Krulik began his career as a teacher in the New York Public Schools in 1954. After 15 years, he moved to Temple University, where he taught until 2006, when he retired as professor emeritus of mathematics education.
While at Temple University, Krulik helped build a strong doctoral program in mathematics education and advised hundreds of doctoral students. As one nominator wrote, "He was always enthusiastic to work with doctoral students and help them craft interesting studies that addressed gaps in mathematics literature.… He helped his students understand that they were contributing to a field of important work."

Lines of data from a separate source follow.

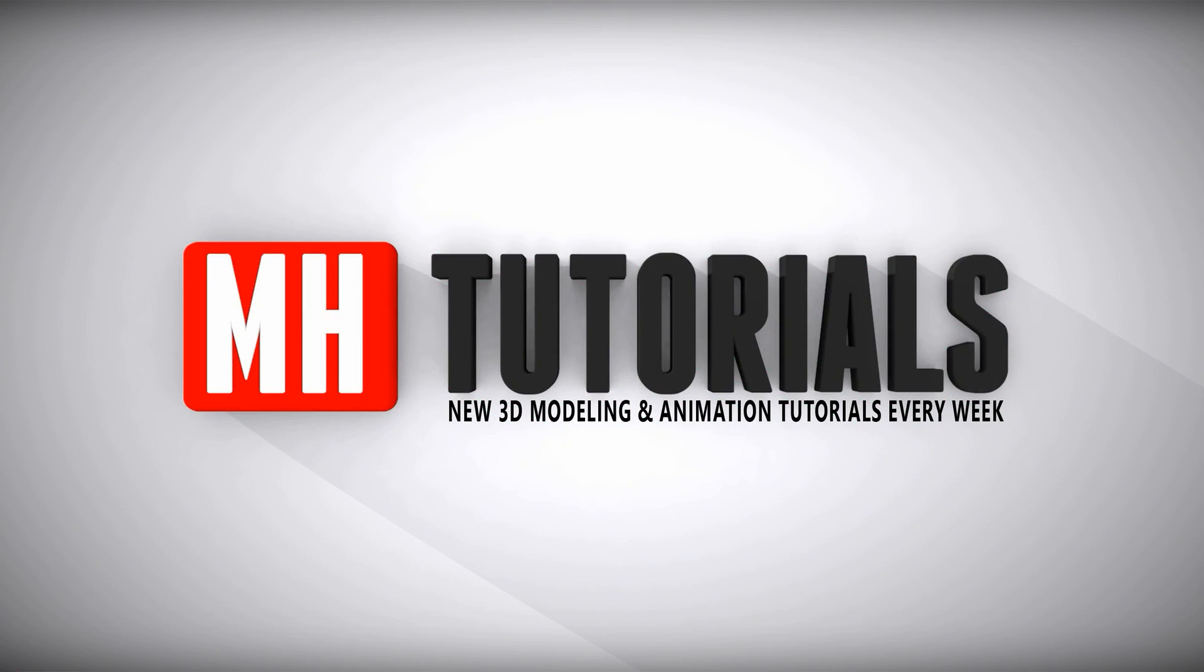Well thanks for watching and before you go please hit that MH button to subscribe. See you guys next time, bye.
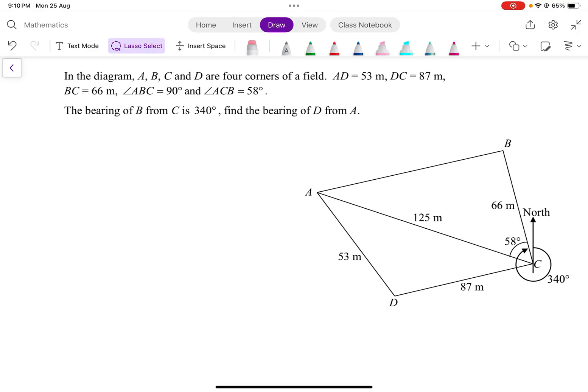So let us read the question together. In the diagram, A, B, C and D are four corners of a field. We know that AD is equal to 53 meters, DC is equal to 87 meters, and BC is equal to 66 meters. What is also given is angle ABC is equal to 90 degrees, and angle ACB is equal to 58 degrees.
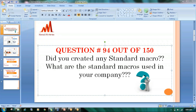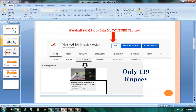The industry is looking for people who know standard macros for debugging and creation. If you are interested to learn the previous 93 questions, you can join my YouTube channel. After joining, go check the playlist — there is a separate playlist for paid members where you can check all the videos.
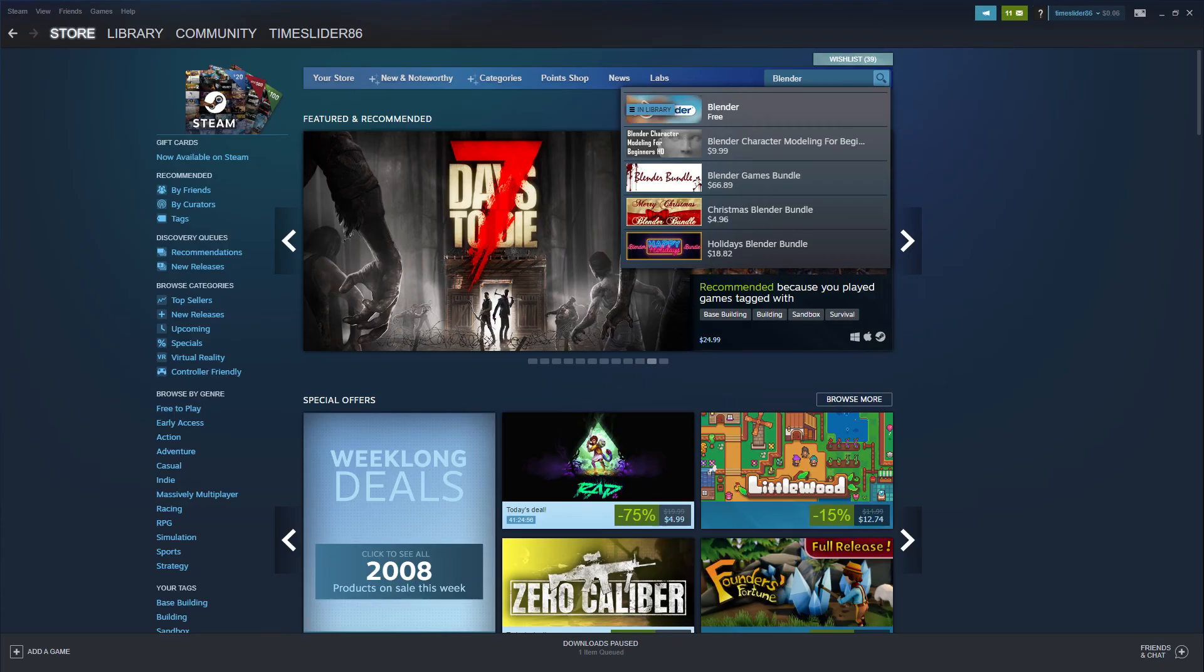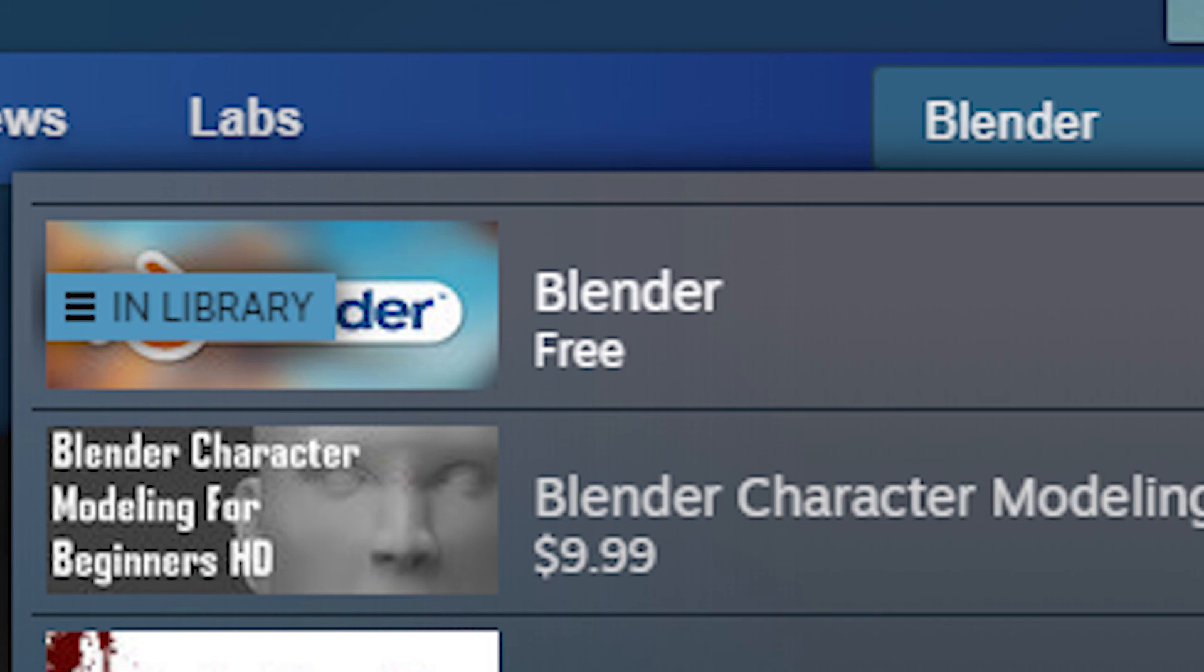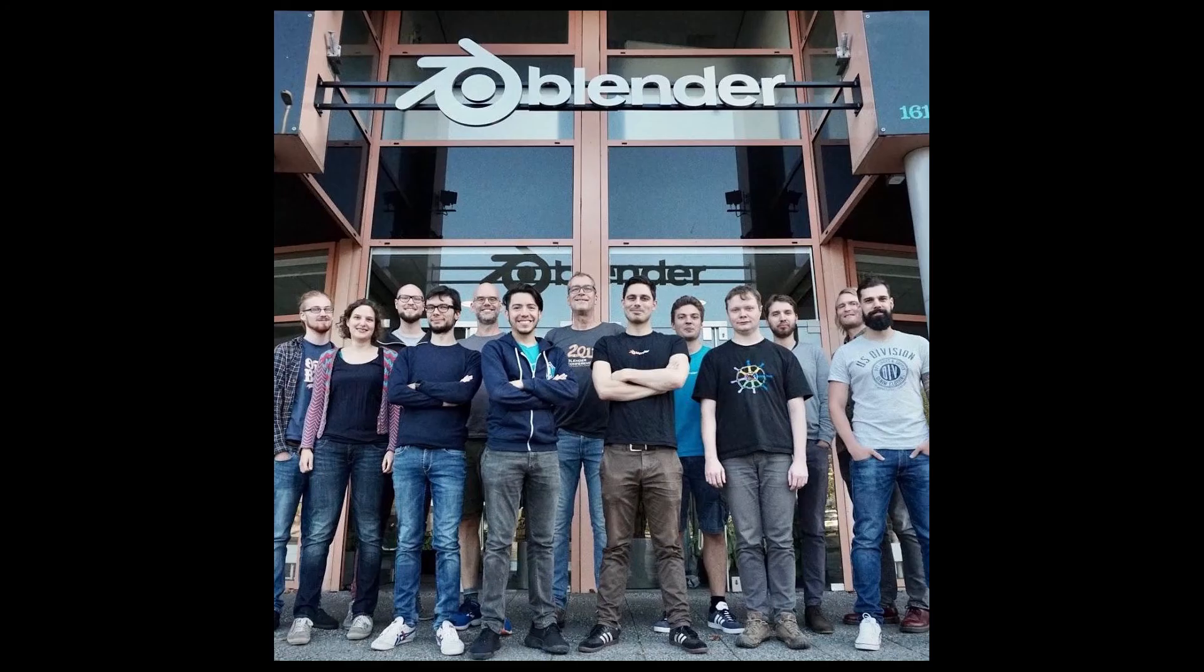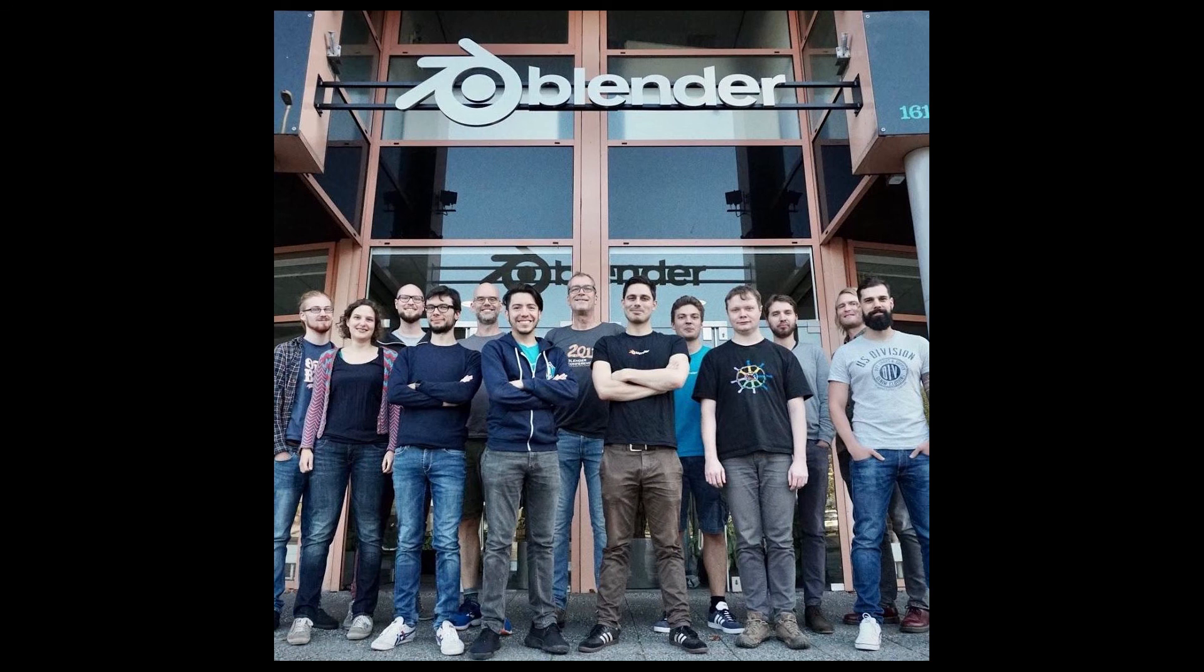Another way is through Steam. So open Steam, search for Blender, and download it that way. And that's really all there is to it. Once the people at Blender push out an update to these services, Blender will get updated automatically.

At Temple, Krulik was named Outstanding Professor of the College of Education and honored with the Lindback Award for Excellence in Teaching and Temple University's Great Teacher Award. The Association of Mathematics Teachers of New Jersey also gave Krulik the Max Sobel Outstanding Mathematics Educators Award.
Krulik's focus was problem solving and reasoning. Another nominator wrote, "His teaching provided opportunities for us to experience how it felt to learn to be a problem solver…. The way I thought about mathematics and my teaching of mathematics changed dramatically when I became a problem solver."
Over his prolific 55-year career, Krulik gave more than 350 presentations at conferences, including 100 NCTM conferences; authored or coauthored 30 books; and published more than 30 journal articles. He served as the 1980 Yearbook Editor,
Problem Solving in School Mathematics;
was a member of the working group of the NCTM Commission on
Teaching Standards for School Mathematics;
chaired the committee that designed and produced
Student Math Notes
Student Explorations in Mathematics)
; and served as program co-chair for numerous NCTM regional conferences.
Krulik's memberships outside of NCTM include the Pennsylvania Council of Teachers of Mathematics, the Association of Teachers of Mathematics of Philadelphia and Vicinity, and the Association of Teachers of Mathematics of New York City. He is also a member of the Association of Mathematics Teachers of New Jersey, where he served as president.